[Rd] buglet in terms calculations

2007-04-08 Thread Robert Gentleman
Hi,
   Vince and I have noticed a problem with non-syntactic names in data 
frames and some modeling code (but not all modeling code).

   The following, while almost surely as documented could be a bit more 
helpful:

  m = matrix(rnorm(100), nc=10)
  colnames(m) = paste(1:10, letters[1:10], sep=_)

  d = data.frame(m, check.names=FALSE)

  f = formula(`1_a` ~ ., data=d)

  tm = terms(f, data=d)

  ##failure here, as somehow back-ticks have become part of the name
  ##not a quoting mechanism
  d[attr(tm, term.labels)]

   The variable attribute, in the terms object, keeps them as quotes, so 
modeling code that uses that attribute seems fine, but code that uses 
the term.labels fails. In particular, it seems (of those tested) that 
glm, lda, randomForest seem to work fine, while nnet, rpart can't
handle nonsyntactic names in formulae as such

   In particlar, rpart contains this code:

  lapply(m[attr(Terms, term.labels)], tfun)

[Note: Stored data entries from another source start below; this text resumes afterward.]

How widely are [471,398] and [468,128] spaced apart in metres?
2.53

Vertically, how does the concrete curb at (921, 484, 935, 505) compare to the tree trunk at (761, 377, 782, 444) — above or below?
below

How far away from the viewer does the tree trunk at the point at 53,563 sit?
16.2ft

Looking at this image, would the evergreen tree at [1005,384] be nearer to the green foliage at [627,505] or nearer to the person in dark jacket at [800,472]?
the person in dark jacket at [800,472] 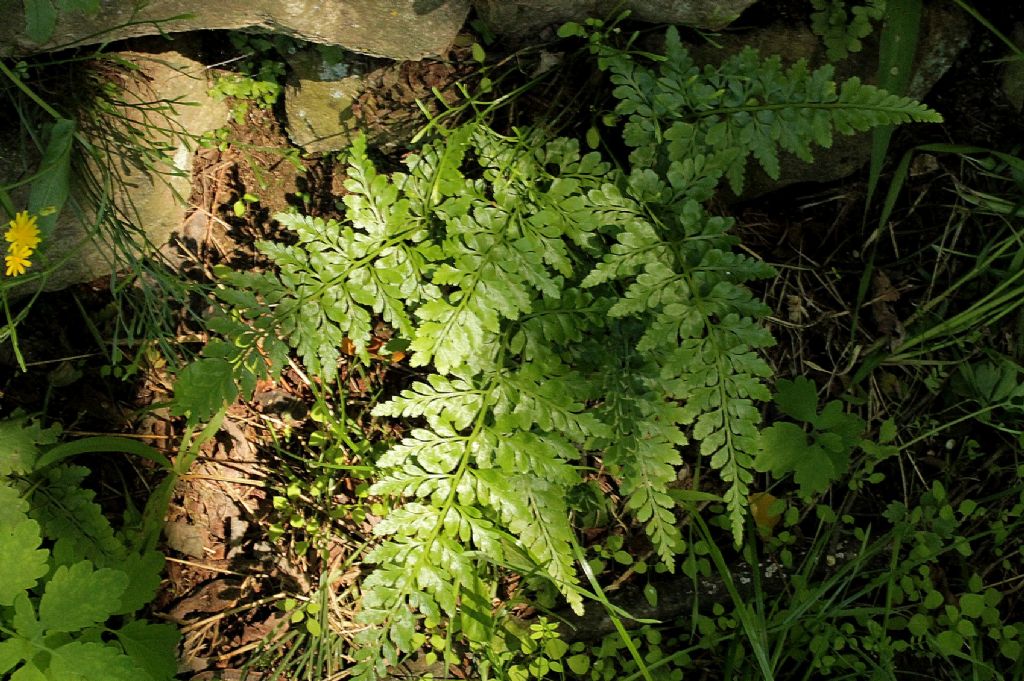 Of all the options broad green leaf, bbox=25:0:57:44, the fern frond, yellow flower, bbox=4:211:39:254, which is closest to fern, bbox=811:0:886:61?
the fern frond

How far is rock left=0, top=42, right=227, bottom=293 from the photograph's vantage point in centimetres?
279

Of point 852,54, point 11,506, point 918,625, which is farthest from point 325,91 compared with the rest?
point 918,625

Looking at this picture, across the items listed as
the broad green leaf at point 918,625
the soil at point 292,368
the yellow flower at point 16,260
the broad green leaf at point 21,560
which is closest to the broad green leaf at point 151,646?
the soil at point 292,368

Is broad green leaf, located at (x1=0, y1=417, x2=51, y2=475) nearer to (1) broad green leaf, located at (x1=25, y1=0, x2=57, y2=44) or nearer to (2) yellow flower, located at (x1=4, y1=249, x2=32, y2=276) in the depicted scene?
(2) yellow flower, located at (x1=4, y1=249, x2=32, y2=276)

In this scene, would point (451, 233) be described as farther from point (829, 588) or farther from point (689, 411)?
point (829, 588)

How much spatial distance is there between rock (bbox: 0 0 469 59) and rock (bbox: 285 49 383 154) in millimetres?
190

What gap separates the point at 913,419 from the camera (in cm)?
332

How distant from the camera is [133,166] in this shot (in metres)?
2.97

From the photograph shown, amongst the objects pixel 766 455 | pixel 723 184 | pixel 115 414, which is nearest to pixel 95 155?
pixel 115 414

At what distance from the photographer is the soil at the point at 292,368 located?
314cm

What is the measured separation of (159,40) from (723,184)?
2.25m

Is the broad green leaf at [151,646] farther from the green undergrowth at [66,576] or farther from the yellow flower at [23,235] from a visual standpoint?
the yellow flower at [23,235]

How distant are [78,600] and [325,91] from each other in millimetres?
1995

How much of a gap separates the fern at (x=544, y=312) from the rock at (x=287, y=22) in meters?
0.51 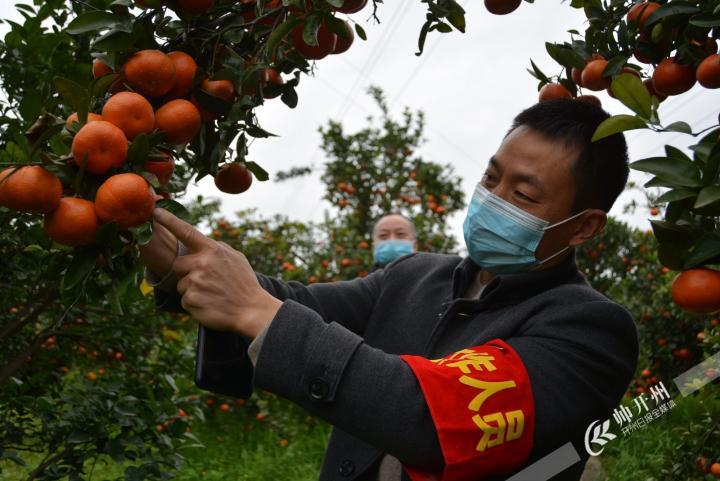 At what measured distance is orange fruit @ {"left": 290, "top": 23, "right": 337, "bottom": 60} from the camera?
1294 millimetres

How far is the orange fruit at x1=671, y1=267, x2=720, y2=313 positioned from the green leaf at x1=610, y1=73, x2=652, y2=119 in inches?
11.0

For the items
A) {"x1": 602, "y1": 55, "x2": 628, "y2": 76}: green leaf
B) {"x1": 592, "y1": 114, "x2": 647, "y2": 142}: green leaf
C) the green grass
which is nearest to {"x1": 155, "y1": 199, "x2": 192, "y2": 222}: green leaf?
{"x1": 592, "y1": 114, "x2": 647, "y2": 142}: green leaf

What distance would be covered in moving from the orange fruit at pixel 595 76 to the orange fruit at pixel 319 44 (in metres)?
0.57

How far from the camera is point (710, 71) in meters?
1.32

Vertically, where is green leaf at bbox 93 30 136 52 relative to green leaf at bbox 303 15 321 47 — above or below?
below

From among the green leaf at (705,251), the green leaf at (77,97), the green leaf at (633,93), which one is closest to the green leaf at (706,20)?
the green leaf at (633,93)

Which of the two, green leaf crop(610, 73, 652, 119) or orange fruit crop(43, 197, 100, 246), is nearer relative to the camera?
orange fruit crop(43, 197, 100, 246)

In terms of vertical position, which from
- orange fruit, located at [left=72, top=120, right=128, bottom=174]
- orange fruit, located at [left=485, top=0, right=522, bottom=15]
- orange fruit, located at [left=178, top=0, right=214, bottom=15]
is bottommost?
orange fruit, located at [left=72, top=120, right=128, bottom=174]

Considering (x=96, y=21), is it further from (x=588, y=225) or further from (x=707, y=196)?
(x=588, y=225)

   which fails for the reasons given.


  One way to get around this, might be to modify the do_termsform code,
right now we have:
PROTECT(varnames = allocVector(STRSXP, nvar));
 for (v = CDR(varlist), i = 0; v != R_NilValue; v = CDR(v))
 SET_STRING_ELT(varnames, i++, STRING_ELT(deparse1line(CAR(v), 
 0), 0));

  and then for term.labels, we copy over the varnames (with :, as 
needed) and perhaps we need to save the unquoted names somewhere?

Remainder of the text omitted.